Navy Takes Out Another Drug Boat

The U.S. military struck and destroyed a vessel suspected of drug trafficking in the eastern Pacific Ocean on Thursday, killing three people aboard, the latest action in the Trump administration’s ongoing campaign against what it calls narco-terrorism in Latin America.

U.S. Southern Command confirmed the strike, saying forces targeted the alleged drug traffickers along known smuggling routes. The command did not release the location or identify the nationality of those killed.

A video posted on X showed a boat speeding through the water before being hit and bursting into flames.

Thursday’s strike brings the total number of people killed in U.S. military boat strikes to at least 211 since the Trump administration launched the campaign in early September 2025.

President Donald Trump has characterized the operations as a necessary military escalation against criminal organizations moving drugs into the United States. “We are in armed conflict with the cartels,” Trump said earlier this year. “We are going to destroy them.”

The administration has framed the campaign as a response to the fentanyl crisis, which has killed tens of thousands of Americans annually. Trump officials argue that disrupting smuggling networks at sea reduces the flow of narcotics before they reach U.S. soil.

Senate Armed Services Committee members on Thursday sent a letter to the Pentagon demanding the release of “unedited video” of the strikes, according to sources familiar with the request. Lawmakers have pressed the Defense Department repeatedly in recent months for more transparency about the operations.

The strikes have drawn scrutiny from Democratic lawmakers and military legal scholars who have questioned both the legality of targeting vessels on the open ocean and the effectiveness of the campaign. Critics have noted that fentanyl is typically trafficked overland from Mexico, not by sea, and that the military has provided little evidence the targeted vessels were actually carrying drugs.
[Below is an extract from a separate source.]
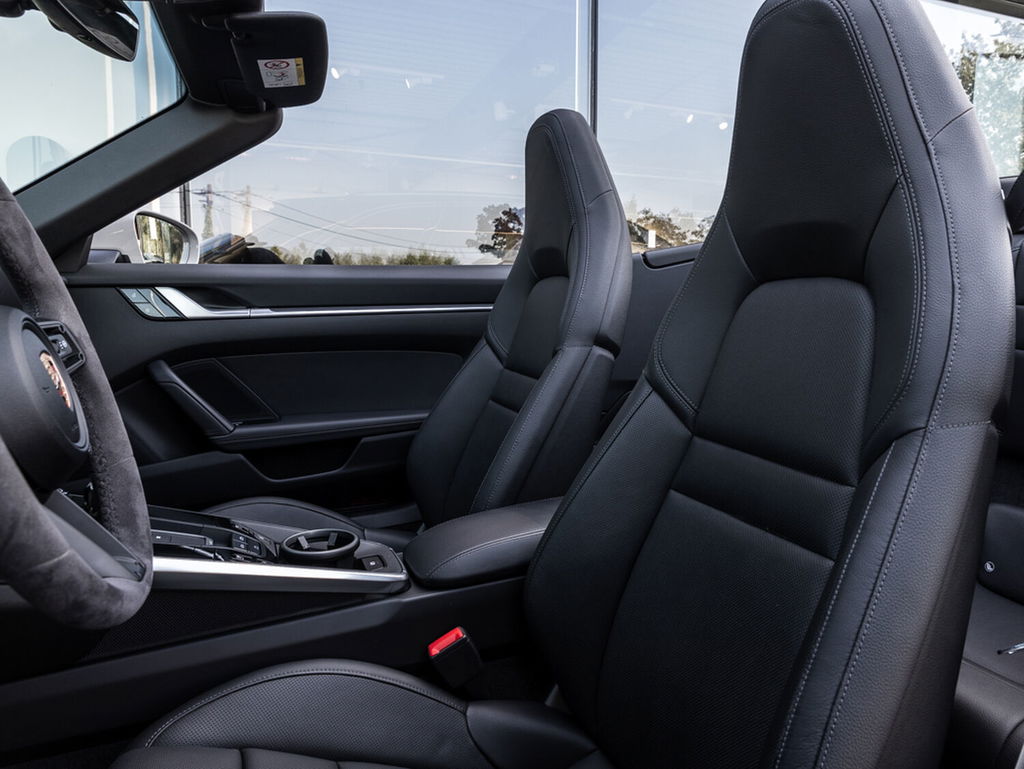 Porsche 992 Carrera S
U.S. Southern Command stated in each case that targeted vessels were traveling along established smuggling routes, but the military has not released documentary evidence of drugs aboard most of the boats struck.
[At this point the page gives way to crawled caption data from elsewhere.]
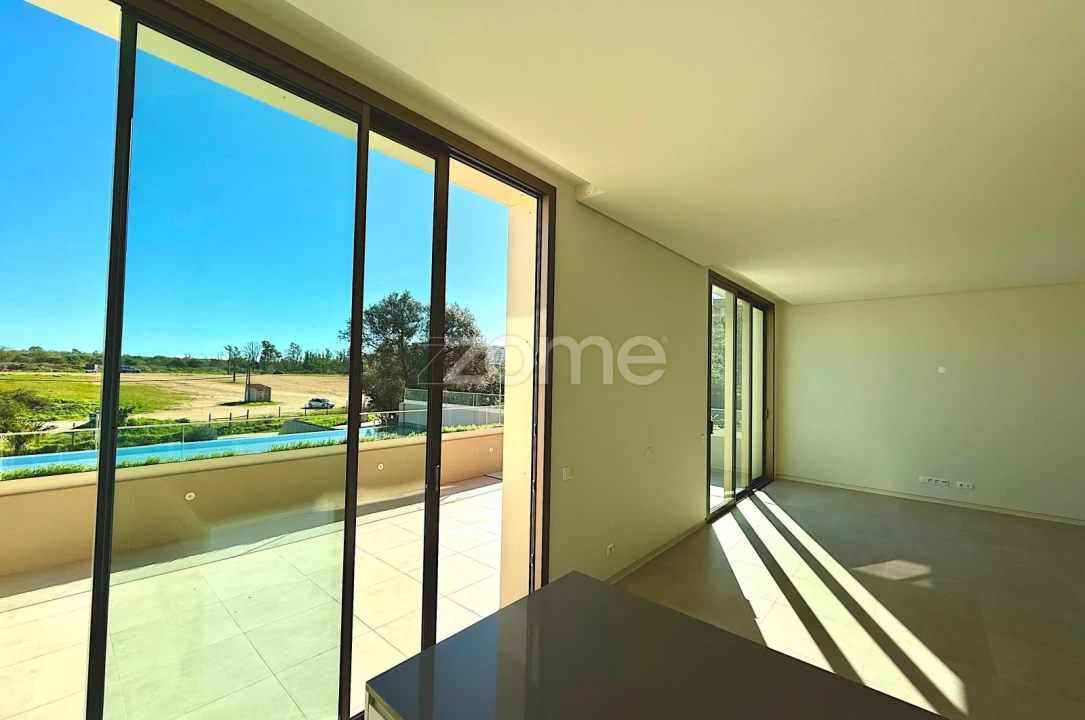 Apartamento T3 para Venda em Portimão Foto 1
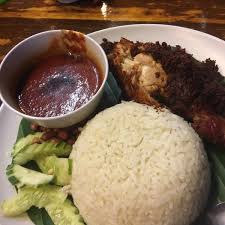 Ayam goreng berempah (malaysian spiced fried chicken) oct 30, 2017 samantha tan. Fotos Bei Ai Nasi Lemak Ayam Berempah 10 Tipps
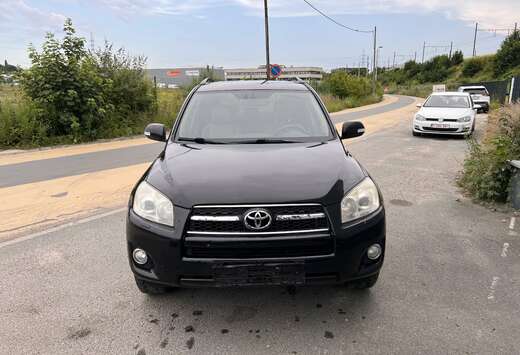 Toyota RAV4 158 VVT-i 4WD Life EXPORT AFRIQUES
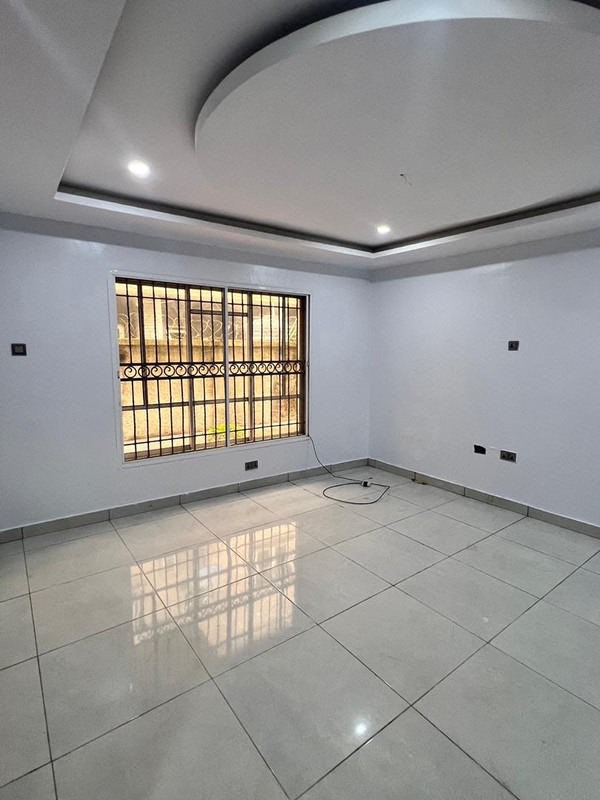 2 BEDROOM APARTMENT ON GROUND FLOUR LEKKI LAGOS photo 6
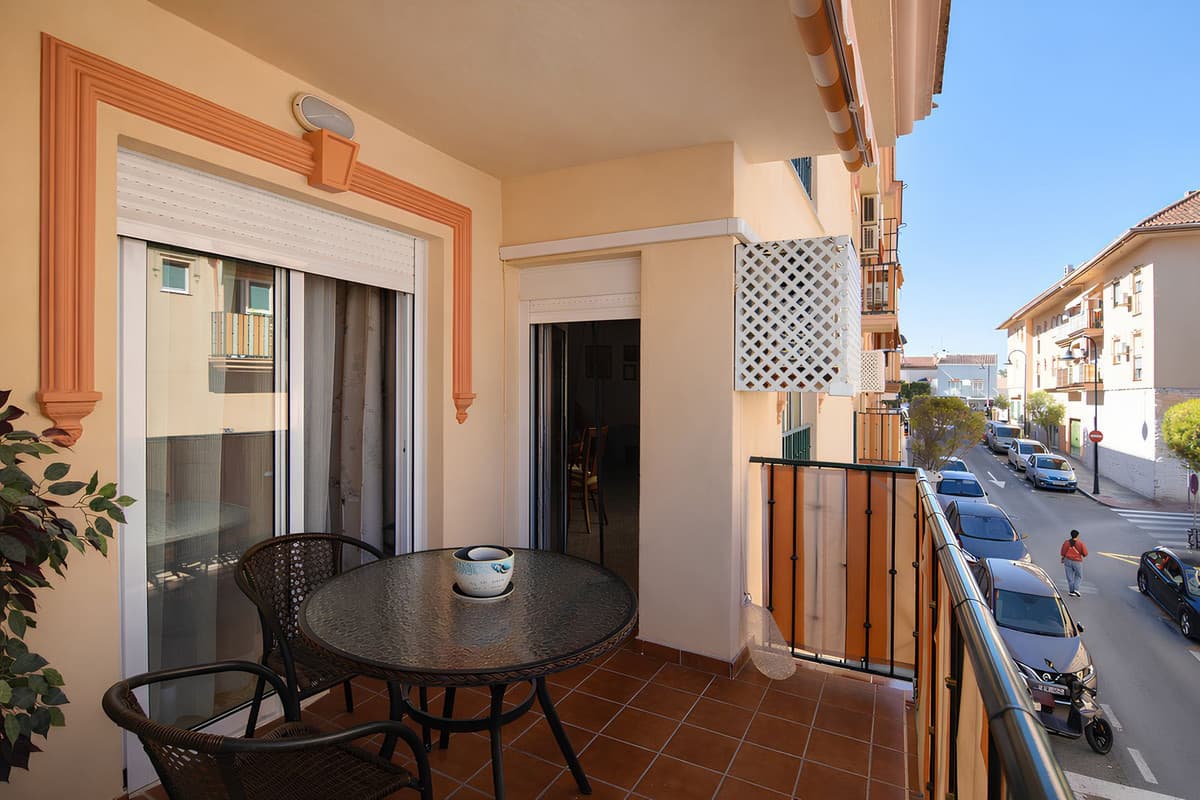 Middle Floor Apartment in Las Lagunas — photo 8 of 10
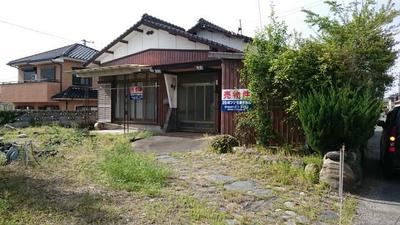 Spacious 4DK House with Large Garden in Niihama City — Image 1, Niihama, Ehime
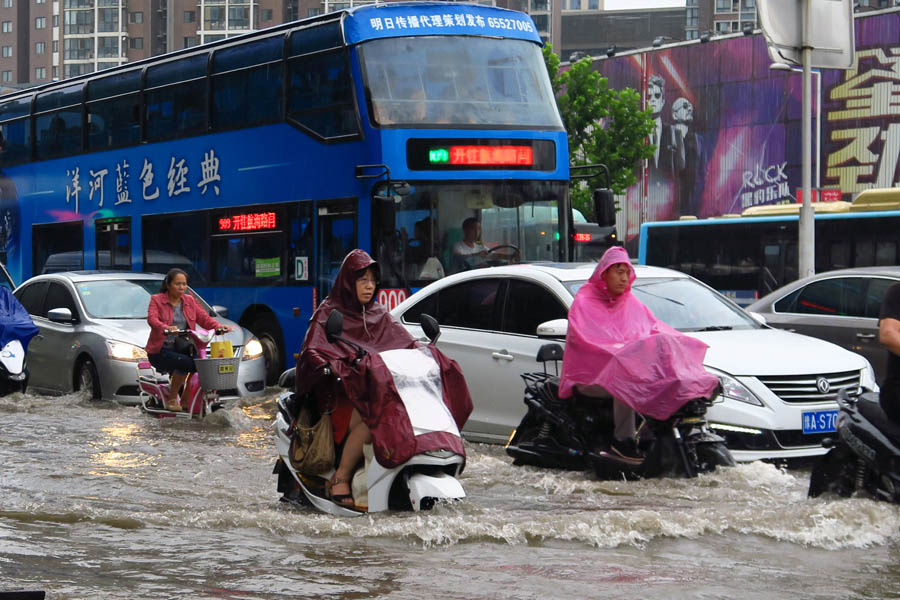 China aumenta nível de alerta para tempestade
The Pentagon’s inspector general announced in May it would review whether the military followed an established targeting framework, known as the six-phase Joint Targeting Cycle, in carrying out the strikes. The IG said the review is focused on procedural compliance, not the legal basis for the campaign itself.

One earlier incident drew particular concern from lawmakers. In that case, two men survived an initial strike that killed nine others. The survivors were clinging to wreckage when the vessel was hit a second time, killing them. The White House defended the follow-up strike, saying it was carried out “in self-defense” to ensure the destruction of the vessel and was consistent with the laws of armed conflict. Several military legal scholars disputed that justification.